Tory supporters in Telford might have happily chanted "Boris, Boris!" but the party leader was giving little back to them in terms of fresh policies.
The Prime Minister has effectively been announcing snippets from Sunday's manifesto since he won the Tory leadership contest in July, meaning most of what was in it was not all that new.
Pledges such as 20,000 extra police officers, more money for schools and extra cash for the NHS have all been part of a greatest hits set that has been well rehearsed in recent weeks.
Only the promise of 50,000 nurses and the return of their training bursary – cut by former Tory chancellor George Osborne – was fresh out of the box.
But yet, judging by the latest polling, the steady flow of announcements has been well received by its audience, with some data-crunchers giving the Tories a double-digit lead over Labour in the run up to December 12.
Here is a look at why Mr Johnson went for a low-key manifesto parade and the election strategy it reveals.
– Why is this manifesto so different from Theresa May's in 2017?
This is a risk-averse Prime Minister who wants to ensure, at the very least, that he is returned to Downing Street by the electorate.
We saw his lie-low tactic in its extreme form during the Conservative leadership contest.
Mr Johnson turned down interview requests and refused to turn up to hustings with other contestants until the final stages of the race – a submarine approach to campaigning that avoided scrutiny but also happened to work.

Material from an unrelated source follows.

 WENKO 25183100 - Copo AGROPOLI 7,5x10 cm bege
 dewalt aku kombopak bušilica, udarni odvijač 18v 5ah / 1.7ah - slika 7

If you don't say much, you can't say much wrong, goes the mantra.
Two years ago, the polls were all predicting a decent majority for Theresa May's blue team and she drew up a manifesto wish-list to boot, with ambitious plans for reforming social care – soon dubbed the "dementia tax" – and abandoning universal winter fuel benefits for older people.
The Tory Party's core audience was less than impressed and many flocked to Labour leader Jeremy Corbyn's more enticing and spend-heavy vision for the country instead.
Mr Johnson saw what happened then, with Mrs May losing her majority rather than increasing it, and has played it as safe as possible in a bid to avoid such pitfalls.
– Just how safe has Mr Johnson decided to play it?
To illustrate how much Mr Johnson is not wanting to rock the boat with the electorate, even the pledge of reversing the hunting ban, a feature of every Tory manifesto since 2005, has been ditched.
"We will make no changes to the Hunting Act," the manifesto states firmly, ruling out a controversy that has reared its head over and over again for the Tories.
The former London mayor also went nowhere near the politically dangerous issue of social care, simply re-iterating a promise to look at a cross-party solution. His £1 billion extra per year over the course of the next parliament had already been announced before Sunday.
– How has it been received?
The opinion political commentators look out for after a manifesto drops is the Institute for Fiscal Studies (IFS), an independent think tank that crunches the numbers.
It was their take on Labour's figures on Thursday, judging them to be "not credible", that hit the headlines.
And once again, the IFS was deeply unimpressed at what it deemed a "lack of significant policy action" in the Tory manifesto.
Economic researchers calculated that the National Insurance threshold rise to £9,500 will save most in paid work "less than £2 a week" and highlighted the "notable omission" for any plan to deal with the crisis in social care funding.
Nigel Edwards, chief executive at the Nuffield Trust, an independent health think tank, said he was "bitterly disappointed" to see "unnecessary delay" in tackling the issue of social care.
IFS director Paul Johnson said: "If a single Budget had contained all these tax and spending proposals, we would have been calling it modest.
"As a blueprint for five years in government, the lack of significant policy action is remarkable."
– Will this lack of action cost the PM?
The latest polling released on Sunday, created by Datapraxis using YouGov polling and voter interviews, suggested the Tories were on course to secure their largest Commons majority since 1987 – a majority of almost 50 MPs.
Given Mr Johnson has been airing most of his policies on the campaign trail long before they appeared in published form – he even broke the news about the cut to National Insurance contributions to a group of factory workers in Teesside last week – it appears "don't rock the boat" is bearing fruit.
The former foreign secretary's key aim is, as the title of the manifesto indicates, to "get Brexit done" – something he thinks must happen before the country can move on from the 2016 referendum.
If that means promising little else to secure the majority he needs to make the divorce from the European Union a reality, then it seems the PM is perfectly content with that state of affairs.